Adding to the complexity, the Fear & Greed Index has returned to Extreme Greed (80) territory, following a brief dip during recent liquidations.

Source:  https://coinmarketcap.com/

The problem? Those liquidations failed to reset sentiment properly, leaving the market overly optimistic without clearing enough leverage. This makes the current setup even more perilous, as excessive greed often precedes sharp corrections.

Meanwhile, the Altcoin Season Index currently sits at 60, signaling a phase of indecision. While the index remains above neutral territory, the sharp drop from last week’s 83 confirms what we’re seeing across the market: altcoin season is suspended—not entirely called off, but certainly losing steam. Altcoins will likely continue struggling until Bitcoin (and $ETH – linkto analysis) either consolidates with strength or resolves its current patterns.

Let’s be real—this article could feel outdated by Monday if BTC does print a decisive candle soon to target the bullish patterns described. December, despite Moonvember’s fantastic run, has been tougher than expected. The crypto market is undoubtedly more complex now than last month—or even last weekend.
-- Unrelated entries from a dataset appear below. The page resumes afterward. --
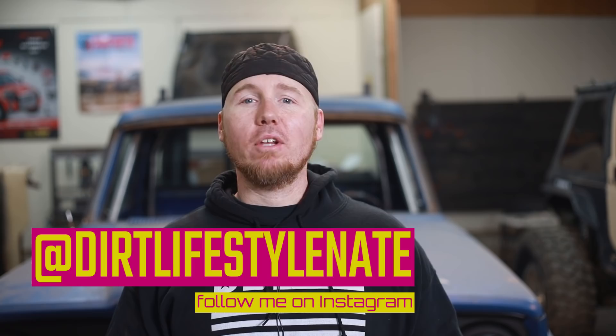If you like the video and want to see more like it, make sure you give it a thumbs up and subscribe to the channel if you haven't already. If you don't follow me on social media, I'm at Dirt Lifestyle Nate. We'll see you next time.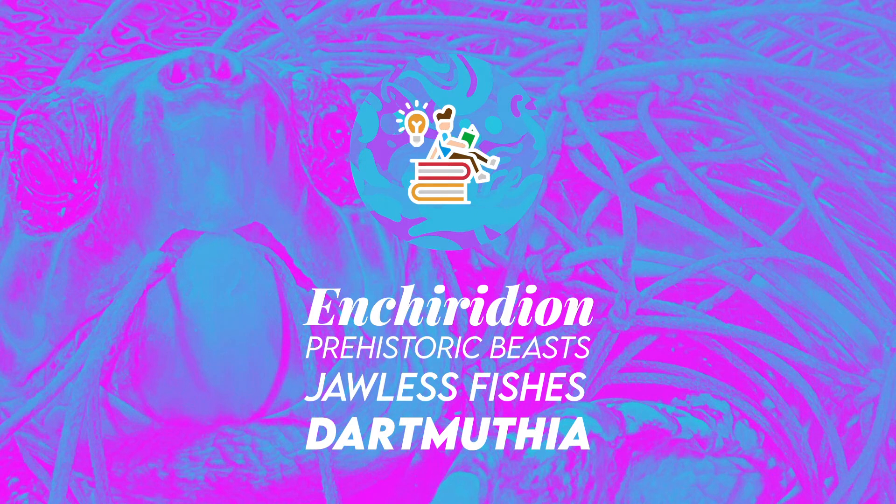A Baryonyx video is incoming, yet it's an extremely extensive topic and I plan to make it into a digestible educational video, though it's going to be quite long. As always, this is Enchiridion — see you next time.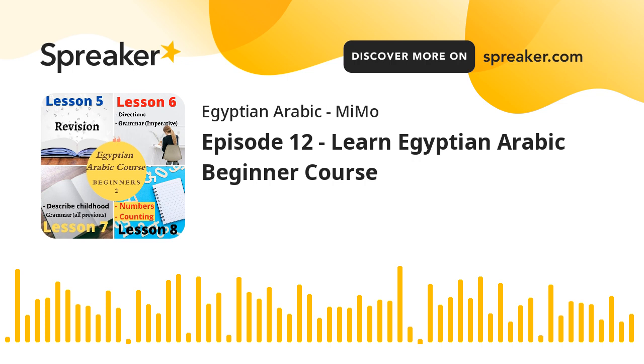You will find the first lesson for free. It's about 50 minutes, and there are 8 lessons in total in the first level. And in the second level, there's also 8 lessons.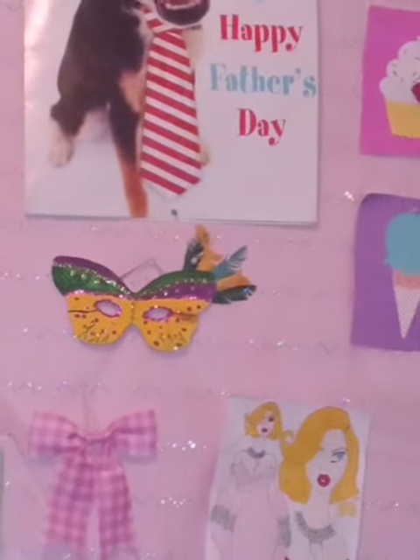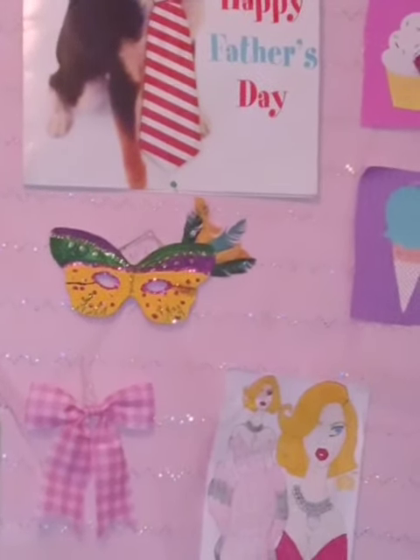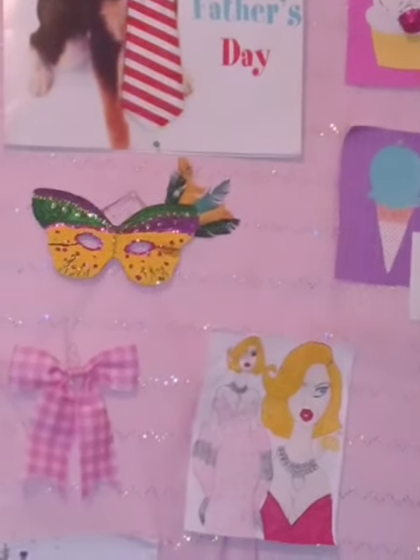Good afternoon YouTubers! I'm getting ready to go run some errands and take care of some business today, but before I leave I just wanted to show you my latest little design that I put on these two head wraps.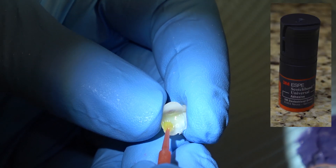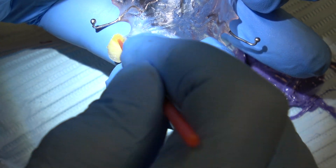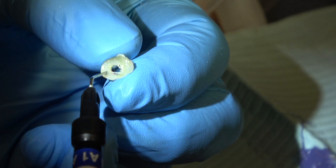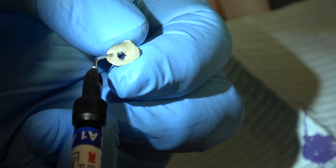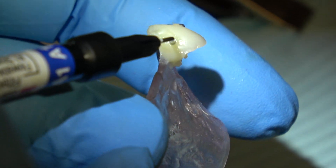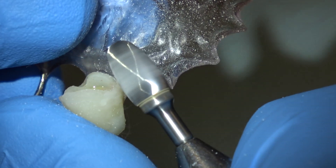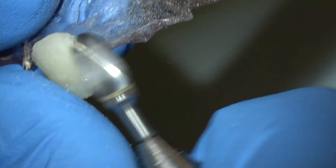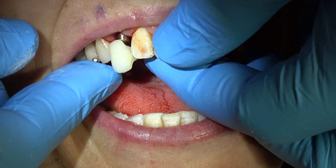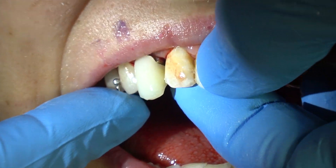I'm luting that part to the flipper. This is flowable composite — I'm just sculpting that to make it look like a tooth. This can be done rather quickly; it probably takes 15 minutes to seat this flipper. It's very important that the underside doesn't contact the healing abutment.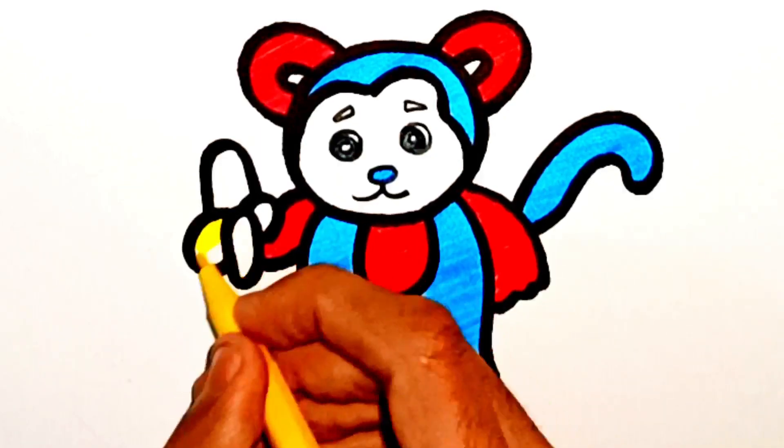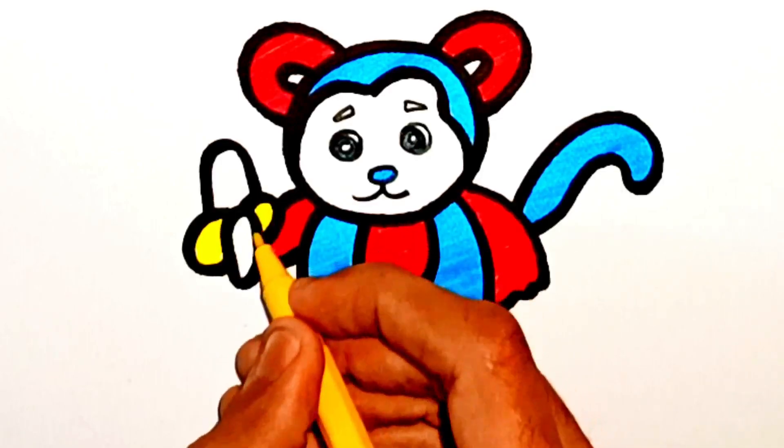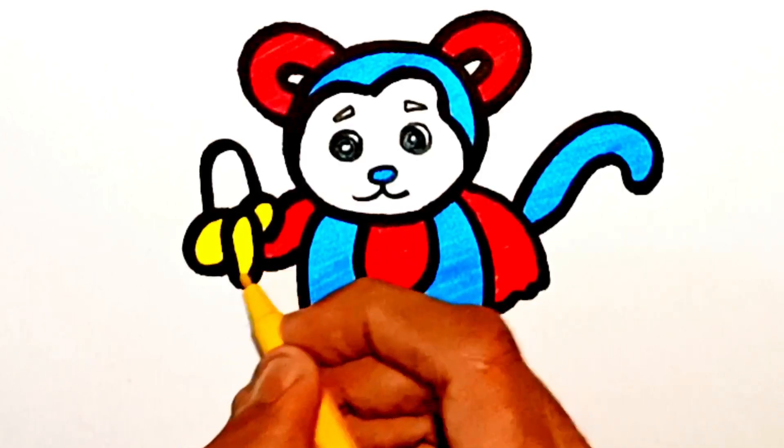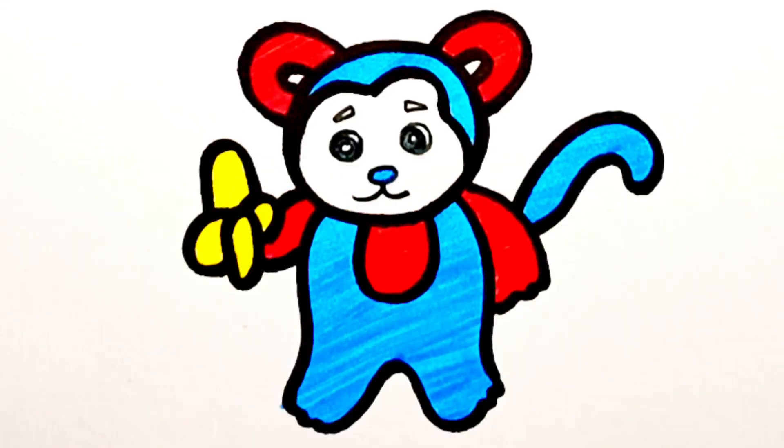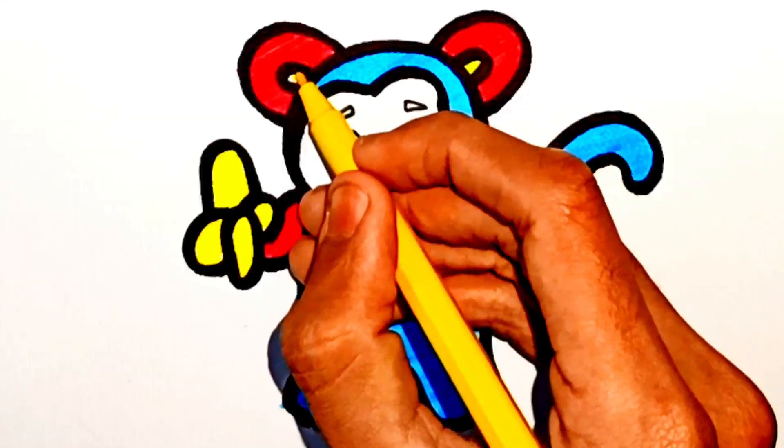A, B, C, D, E, F, G, H, I, J, K, L, M, N, O, P, Q, R, S, T, U, V, W, X, Y, and Z.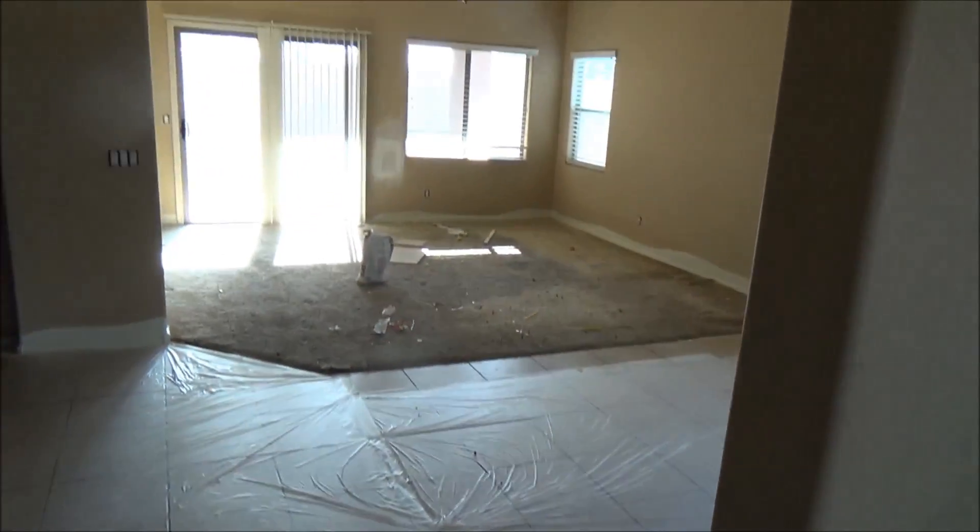Anyway, this is the condition of the house. I'll show you the whole house. Kitchen looks okay.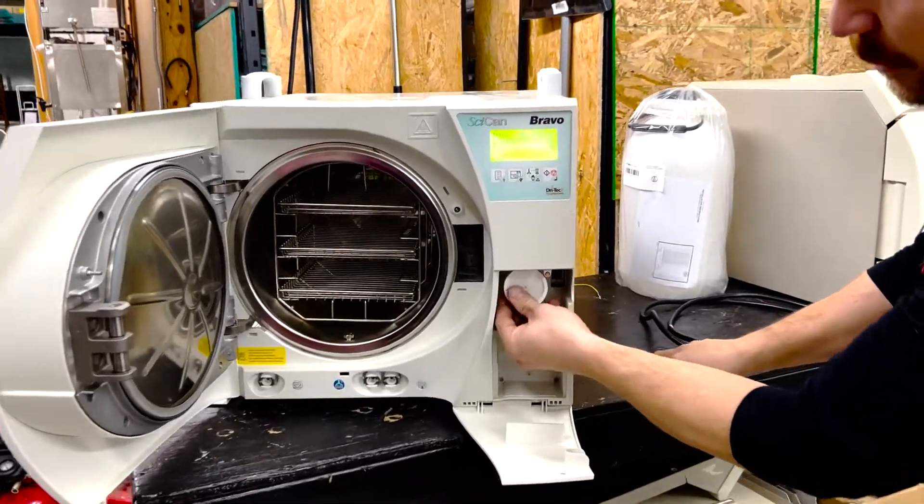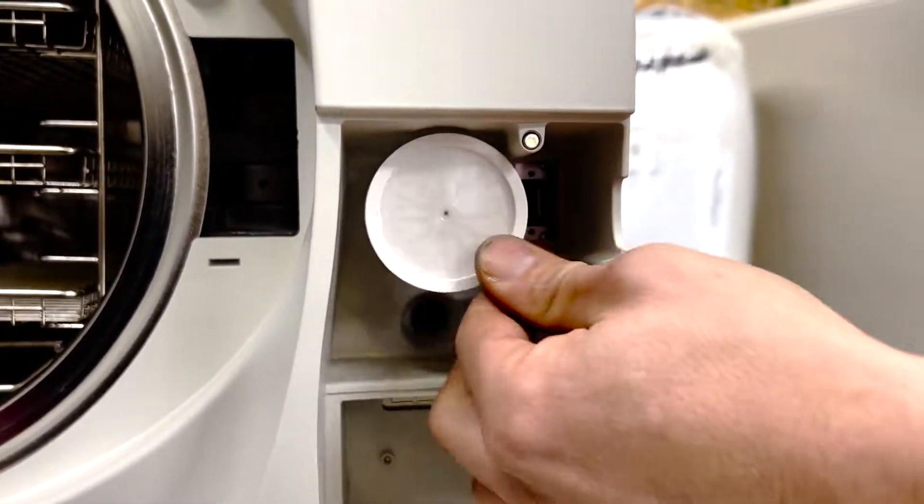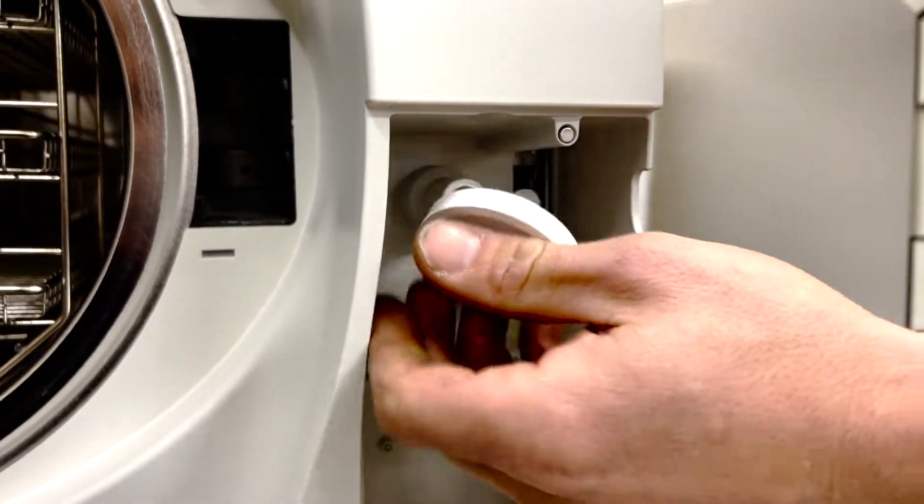Here's another preventative maintenance part — the air filter. This should also be replaced every 500 cycles or six months. What I'm doing is unscrewing it right now.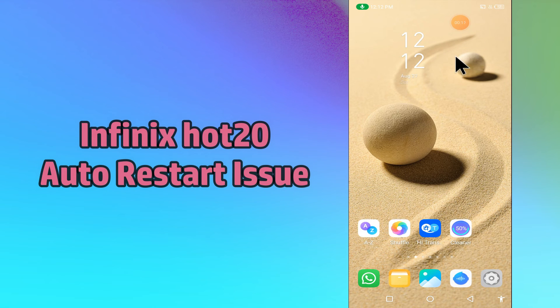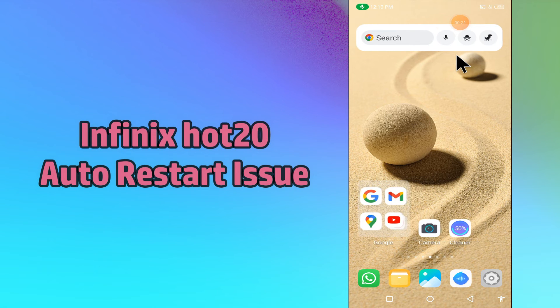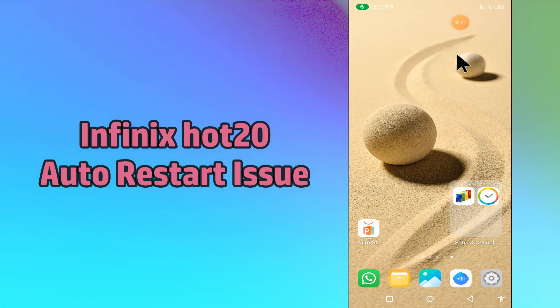If you are facing an auto restart problem in your device, you can fix it by following a few steps which I will be sharing with you in today's video. But before that, hit the red subscribe button and the bell icon to stay updated.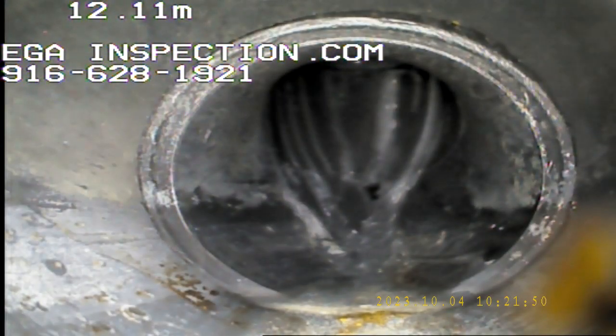Right here is the 90 that goes up and vents through the roof. We're going to stop the video here, take some pictures on the way back out, and do the exact same thing with the lateral going away from the house.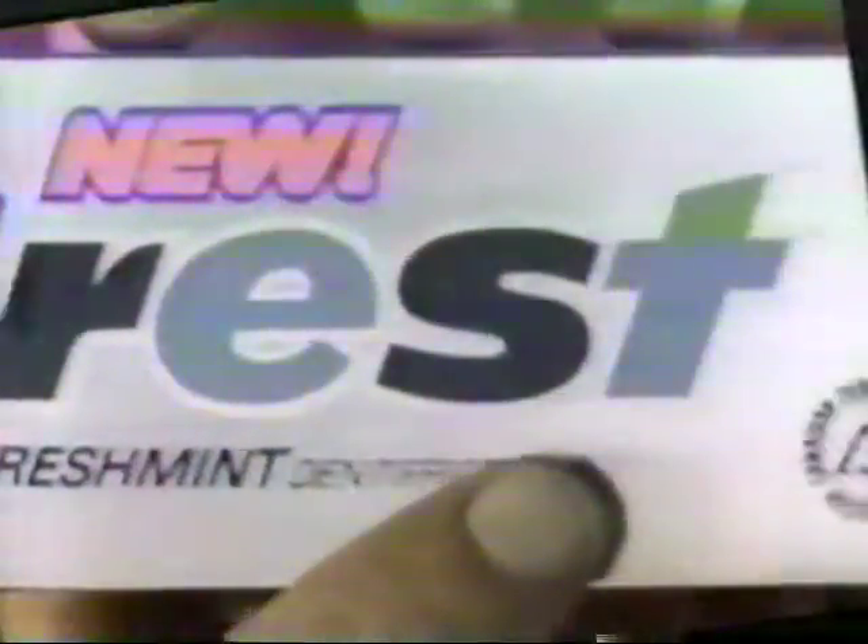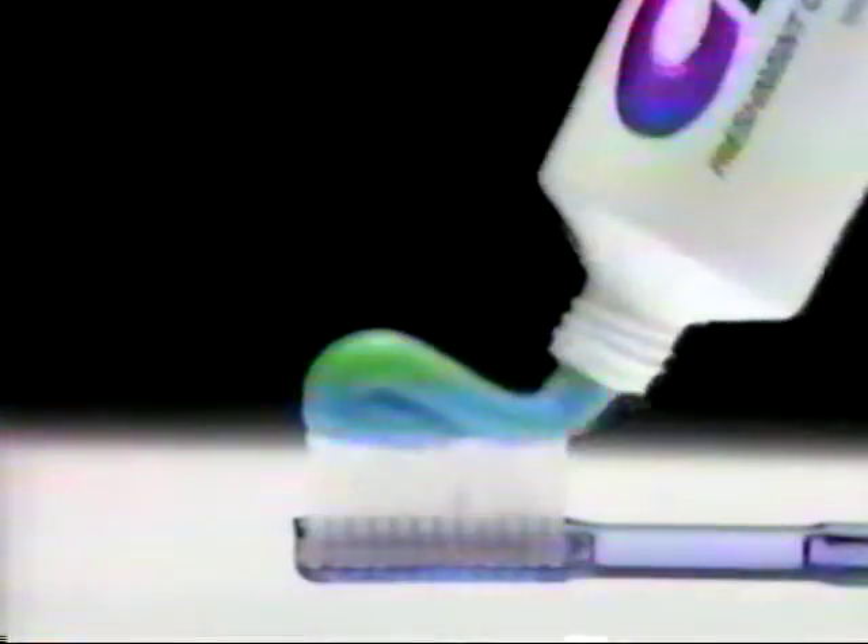Watch — tartar is so hard a dentist has to remove it. Well, now Crest's new tartar fighting formula helps keep tartar from coming back above the gum line. New Fresh Mint Crest Tartar Fighter, now in new minty gel.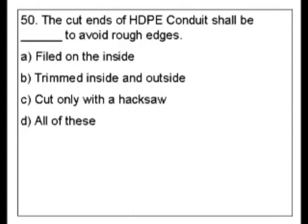When I look at this, I think that filed on the inside and trimmed inside and outside — filing and trimming are kind of the same thing.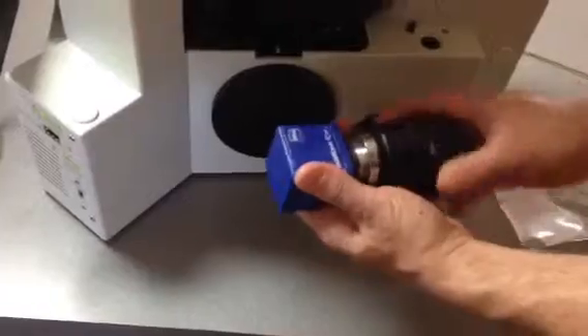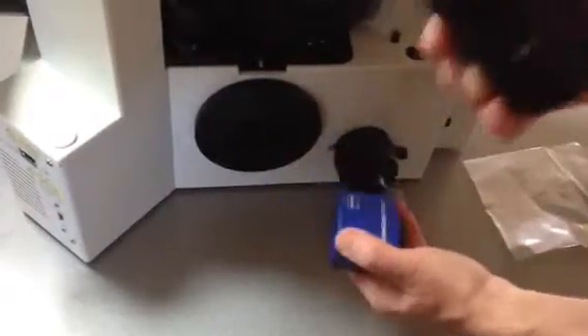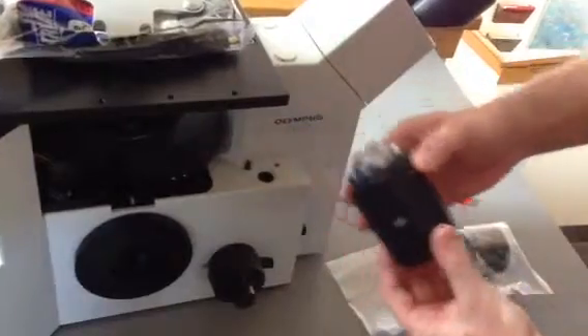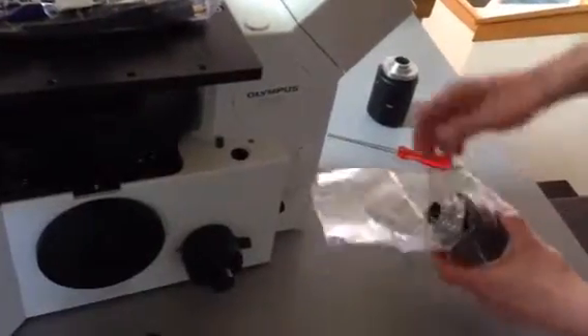You're then just going to unscrew and remove this adapter. This is the adapter that's going to go back down into the box and into the baggie and be returned.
The easy part of this bull market is over. Santa or no Santa, things are about to get wild. And when Trump takes office alongside the new, allegedly crypto-friendly leadership, we’ll be in for a market environment no one’s truly prepared for.Disclaimer: This article is provided for informational purposes only. It is not offered or intended to be used as legal, tax, investment, financial, or other advice.